Gonzalo Silvestre respondió: "Una rosca de Utrera tengo muy buena, tierna y recién sacada del horno. Si queréis de ella, partiré con vos largamente." Rieron el segundo imposible como el primero. Entonces les dijo Gonzalo Silvestre: "Pues porque veáis que no he mentido a ninguno de vosotros, os daré cosa que al uno le sepa a mazapanes, si los ha en gana, y al otro a rosca de Utrera, si se le antoja." Diciendo esto sacó el pañuelo con los diez y ocho granos de zara y dio a cada uno de ellos seis granos, y tomó para sí otros seis, y todos tres se los comieron luego antes que se recreciesen más compañeros y cupiesen a menos. Y, habiéndolos comido, se fueron a un arroyo que pasaba cerca y se hartaron de agua ya que no podían de vianda, y así pasaron aquel día con no más comida porque no la había. Con estos trabajos y otros semejantes, no comiendo mazapanes ni roscas de Utrera, se ganó el nuevo mundo, de donde traen a España cada año doce y trece millones de oro y plata y piedras preciosas, por lo cual me precio muy mucho de ser hijo de conquistador del Perú, de cuyas armas y trabajos ha redundado tanta honra y provecho a España. Volviendo a los cuatro capitanes que fueron a descubrir caminos, decimos que, con la misma hambre y necesidad que pasaron el gobernador y los de su ejército, caminaron ellos seis días. Los tres capitanes de ellos no hallaron cosa digna de memoria, sino hambre y más hambre. Sólo el contador Juan de Añasco tuvo mejor dicha que, habiendo caminado tres días siempre el río arriba sin apartarse de él, al fin de ellos halló un pueblo asentado en la ribera, por la misma parte que él iba, en la cual halló poca gente, mas mucha comida para pueblo tan pequeño, que sólo en una casa de depósito había quinientas hanegas de harina hecha de maíz tostado, sin otro mucho que había en grano, con que los indios y españoles se alegraron lo que se puede imaginar, y, después de haber visto lo que había en las casas, subieron en las más altas y descubrieron que de allí adelante, el río arriba, estaba poblada la tierra de muchos pueblos grandes y pequeños, con muchas sementeras a todas partes, de que los nuestros dieron gracias a Dios, y ellos y los indios mataron la hambre que llevaban.

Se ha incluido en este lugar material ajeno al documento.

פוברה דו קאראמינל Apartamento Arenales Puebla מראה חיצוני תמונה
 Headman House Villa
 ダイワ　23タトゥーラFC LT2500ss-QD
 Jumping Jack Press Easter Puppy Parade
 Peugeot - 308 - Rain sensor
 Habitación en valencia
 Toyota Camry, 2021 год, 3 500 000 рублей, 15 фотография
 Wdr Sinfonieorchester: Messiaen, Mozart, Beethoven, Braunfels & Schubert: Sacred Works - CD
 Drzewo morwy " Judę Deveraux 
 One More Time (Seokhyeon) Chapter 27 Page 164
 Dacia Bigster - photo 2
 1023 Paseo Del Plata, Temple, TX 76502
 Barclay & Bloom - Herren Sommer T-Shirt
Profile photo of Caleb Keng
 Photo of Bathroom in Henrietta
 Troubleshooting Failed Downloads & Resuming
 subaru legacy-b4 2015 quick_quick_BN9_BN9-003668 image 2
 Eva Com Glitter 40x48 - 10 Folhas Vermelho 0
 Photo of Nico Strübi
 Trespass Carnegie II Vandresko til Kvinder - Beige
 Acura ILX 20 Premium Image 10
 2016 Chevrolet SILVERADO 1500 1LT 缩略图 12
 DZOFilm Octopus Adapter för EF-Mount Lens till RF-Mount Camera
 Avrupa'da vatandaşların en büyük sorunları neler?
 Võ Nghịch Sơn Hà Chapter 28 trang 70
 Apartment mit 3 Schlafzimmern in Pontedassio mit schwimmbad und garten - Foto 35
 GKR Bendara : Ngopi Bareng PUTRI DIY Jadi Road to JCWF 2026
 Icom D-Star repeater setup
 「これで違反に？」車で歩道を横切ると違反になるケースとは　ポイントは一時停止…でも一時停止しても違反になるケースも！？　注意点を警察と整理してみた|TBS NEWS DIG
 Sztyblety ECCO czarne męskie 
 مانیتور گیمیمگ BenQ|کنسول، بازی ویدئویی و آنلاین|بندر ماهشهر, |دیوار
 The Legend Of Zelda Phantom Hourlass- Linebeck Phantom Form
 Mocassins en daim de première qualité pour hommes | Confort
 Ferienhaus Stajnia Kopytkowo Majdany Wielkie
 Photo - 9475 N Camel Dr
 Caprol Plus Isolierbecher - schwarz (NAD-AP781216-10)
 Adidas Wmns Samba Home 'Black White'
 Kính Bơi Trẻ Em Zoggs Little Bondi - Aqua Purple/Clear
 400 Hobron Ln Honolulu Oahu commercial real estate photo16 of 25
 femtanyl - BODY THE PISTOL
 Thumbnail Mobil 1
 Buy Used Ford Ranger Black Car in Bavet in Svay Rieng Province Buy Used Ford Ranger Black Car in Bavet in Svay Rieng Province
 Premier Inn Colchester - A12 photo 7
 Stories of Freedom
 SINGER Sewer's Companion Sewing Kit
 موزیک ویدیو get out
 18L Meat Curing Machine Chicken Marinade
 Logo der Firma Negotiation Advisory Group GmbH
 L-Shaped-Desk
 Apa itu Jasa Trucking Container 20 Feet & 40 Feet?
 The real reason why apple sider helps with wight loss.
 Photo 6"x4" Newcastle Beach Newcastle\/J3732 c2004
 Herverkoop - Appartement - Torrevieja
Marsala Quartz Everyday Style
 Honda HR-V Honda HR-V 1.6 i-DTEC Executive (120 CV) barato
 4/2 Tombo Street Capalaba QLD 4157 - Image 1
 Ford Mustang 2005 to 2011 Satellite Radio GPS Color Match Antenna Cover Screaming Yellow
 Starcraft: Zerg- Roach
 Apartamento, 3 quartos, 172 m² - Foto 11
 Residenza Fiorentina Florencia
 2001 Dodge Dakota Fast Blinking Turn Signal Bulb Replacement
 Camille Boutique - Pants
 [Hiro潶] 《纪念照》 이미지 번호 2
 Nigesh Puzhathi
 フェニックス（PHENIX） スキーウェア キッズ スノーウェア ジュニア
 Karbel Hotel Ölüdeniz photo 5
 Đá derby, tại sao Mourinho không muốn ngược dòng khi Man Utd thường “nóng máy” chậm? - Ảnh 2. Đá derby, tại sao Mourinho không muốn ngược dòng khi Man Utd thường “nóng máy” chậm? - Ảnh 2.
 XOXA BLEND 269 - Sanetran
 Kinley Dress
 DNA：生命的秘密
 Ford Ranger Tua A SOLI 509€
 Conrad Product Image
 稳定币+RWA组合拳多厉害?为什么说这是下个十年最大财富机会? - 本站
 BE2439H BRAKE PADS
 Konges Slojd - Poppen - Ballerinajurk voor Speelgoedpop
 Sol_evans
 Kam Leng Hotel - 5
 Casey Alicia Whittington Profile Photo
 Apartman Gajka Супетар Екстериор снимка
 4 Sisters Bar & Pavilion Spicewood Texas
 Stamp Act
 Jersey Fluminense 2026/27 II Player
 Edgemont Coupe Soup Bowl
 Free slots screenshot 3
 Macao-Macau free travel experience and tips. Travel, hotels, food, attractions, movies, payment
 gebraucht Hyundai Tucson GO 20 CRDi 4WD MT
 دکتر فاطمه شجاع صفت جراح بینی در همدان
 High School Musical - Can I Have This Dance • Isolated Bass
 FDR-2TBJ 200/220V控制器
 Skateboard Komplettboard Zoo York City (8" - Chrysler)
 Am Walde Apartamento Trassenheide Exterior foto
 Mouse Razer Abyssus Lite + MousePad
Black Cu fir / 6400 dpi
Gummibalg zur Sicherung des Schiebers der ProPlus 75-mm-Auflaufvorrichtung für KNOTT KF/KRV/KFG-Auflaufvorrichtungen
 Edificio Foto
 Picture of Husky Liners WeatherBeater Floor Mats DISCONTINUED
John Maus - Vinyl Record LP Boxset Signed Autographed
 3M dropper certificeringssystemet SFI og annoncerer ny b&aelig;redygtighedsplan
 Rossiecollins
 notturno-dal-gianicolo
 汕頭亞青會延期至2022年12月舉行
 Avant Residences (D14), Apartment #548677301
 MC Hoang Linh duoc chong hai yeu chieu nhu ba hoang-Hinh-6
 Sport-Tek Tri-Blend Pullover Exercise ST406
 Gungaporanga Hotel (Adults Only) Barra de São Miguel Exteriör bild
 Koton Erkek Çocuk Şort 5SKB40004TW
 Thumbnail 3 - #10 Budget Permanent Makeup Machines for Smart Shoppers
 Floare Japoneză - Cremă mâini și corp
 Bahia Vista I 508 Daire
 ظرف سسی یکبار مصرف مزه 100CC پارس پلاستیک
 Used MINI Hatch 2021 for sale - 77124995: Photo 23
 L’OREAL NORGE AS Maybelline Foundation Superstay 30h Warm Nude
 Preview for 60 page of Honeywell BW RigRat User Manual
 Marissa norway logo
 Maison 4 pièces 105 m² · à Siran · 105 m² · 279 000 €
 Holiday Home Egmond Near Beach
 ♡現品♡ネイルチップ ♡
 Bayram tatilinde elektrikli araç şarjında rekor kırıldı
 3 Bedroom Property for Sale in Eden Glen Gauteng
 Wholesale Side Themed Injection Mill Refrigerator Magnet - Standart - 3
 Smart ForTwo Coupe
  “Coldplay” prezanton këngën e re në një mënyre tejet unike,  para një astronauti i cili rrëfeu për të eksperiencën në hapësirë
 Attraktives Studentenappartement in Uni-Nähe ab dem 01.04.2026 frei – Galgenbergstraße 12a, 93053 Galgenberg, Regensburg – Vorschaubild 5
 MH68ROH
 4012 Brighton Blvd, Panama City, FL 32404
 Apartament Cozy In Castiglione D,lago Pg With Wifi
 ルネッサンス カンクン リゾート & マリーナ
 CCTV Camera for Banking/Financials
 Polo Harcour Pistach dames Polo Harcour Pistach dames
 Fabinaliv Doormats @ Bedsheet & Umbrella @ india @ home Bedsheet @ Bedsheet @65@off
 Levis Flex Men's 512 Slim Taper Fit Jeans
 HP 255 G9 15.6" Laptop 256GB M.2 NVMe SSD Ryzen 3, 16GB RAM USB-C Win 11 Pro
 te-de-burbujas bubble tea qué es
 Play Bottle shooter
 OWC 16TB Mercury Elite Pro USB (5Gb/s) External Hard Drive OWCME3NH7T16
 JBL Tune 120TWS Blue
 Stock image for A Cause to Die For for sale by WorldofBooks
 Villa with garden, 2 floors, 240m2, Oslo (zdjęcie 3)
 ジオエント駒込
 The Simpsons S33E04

Y, pasada la media noche, despacharon cuatro de a caballo que a toda diligencia volviesen a dar aviso al gobernador de lo que habían visto y descubierto. Los cuatro españoles volvieron con la buena nueva y, para ser creídos, llevaron muchas mazorcas de zara y unos cuernos de vacas, que no se pudo saber de dónde los hubiesen traído los indios, porque en todo lo que estos españoles anduvieron de la Florida nunca hallaron vacas y, aunque es verdad que en algunas partes hallaron carne fresca de vaca, nunca vieron vacas ni fue posible con los indios, por caricias ni amenazas que dijesen dónde las había. El general Patofa y sus indios, la noche que durmieron en el pueblo, lo más secretamente que pudieron, sin que los españoles supiesen cosa alguna de su hecho, lo saquearon, y robaron el templo, que servía solamente de entierros, donde (como adelante diremos de otros más famosos) tenían lo mejor y más rico de sus haciendas. Mataron todos los indios que dentro y fuera del pueblo pudieron haber sin perdonar sexo ni edad, y a los que así mataban les quitaban los cascos de la cabeza, de las orejas arriba, con admirable maña y destreza. Estos cascos llevaban para que, por vistas de ojos, viese su curaca y señor Cofaqui la venganza que en sus enemigos habían hecho de las injurias recibidas, porque, según después se vio, este pueblo era de la provincia de Cofachiqui, que tan deseada había sido de los españoles y tanta hambre les había costado el descubrirla. El día siguiente a medio día salió Juan de Añasco del pueblo con todos sus españoles e indios, que no osaron esperar en él al gobernador temiendo no se apellidasen los de la tierra y juntasen gran número de gente, que, según la mucha poblazón que por el río arriba había, pudieran juntarse muchos y dar en ellos y matarlos todos, que no eran poderosos para resistirlos; por esto les pareció más seguro volver atrás a recibir al gobernador.